:: DATA SEGMENT ::
-- -- --

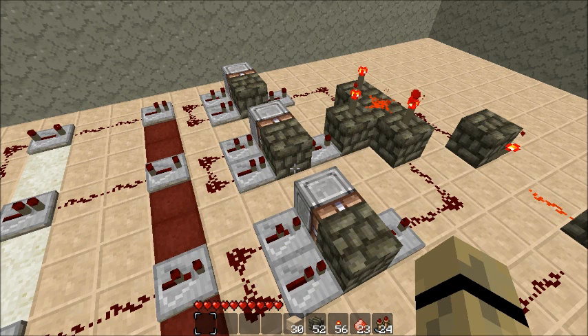The disadvantage, I suppose, is that it uses sticky pistons instead, which depending on how you want to go about getting those could be a problem. The other advantage is it's slightly smaller — it's an 8x14 grid instead of a 9x15. Small little changes.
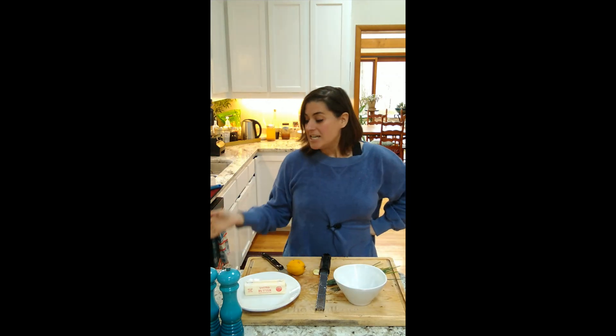Hello everybody! Welcome to the Wild Garden Farms Kitchen. Today we are making an herbal compound butter. This is a really good way to add lots of garlic flavor, to use some spring greens that are coming up outside right now, and to make something really savory and delicious that's also really good for your body. And it's super simple. Here we go.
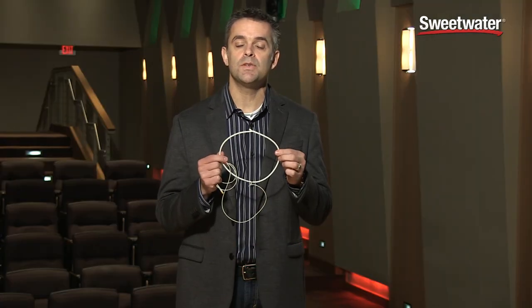Again, this is the new DPA Discrete Necklace Microphone. If you have any questions, please contact your Sweetwater sales engineer.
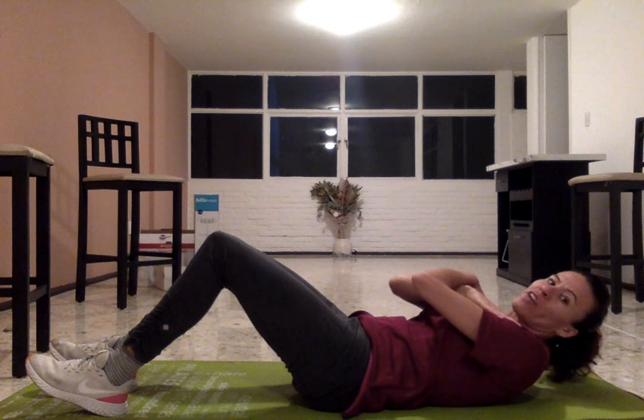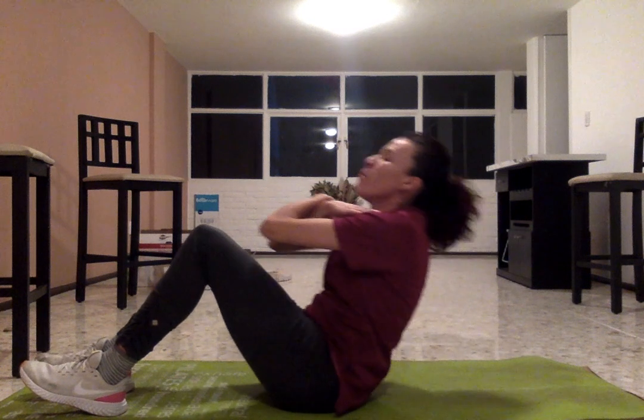For the curl up test, you need to count how many times your elbows touch your thighs in one minute. For this to be legal, your back has to touch the ground every time you go back. Your elbows have to be in this position across your chest and have to touch your legs that are bent, and your heels cannot leave the ground.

-- -- --

:: TASK TO CARRY OUT ::
Reproduce the lines above, exactly and exclusively, from the line containing "Again, this is" down to the last line, both included; pictures are not part of the copy.

:: RESPONSE FOR THIS EXERCISE ::
Again, this is the new DPA Discrete Necklace Microphone. If you have any questions, please contact your Sweetwater sales engineer.
For the curl up test, you need to count how many times your elbows touch your thighs in one minute. For this to be legal, your back has to touch the ground every time you go back. Your elbows have to be in this position across your chest and have to touch your legs that are bent, and your heels cannot leave the ground.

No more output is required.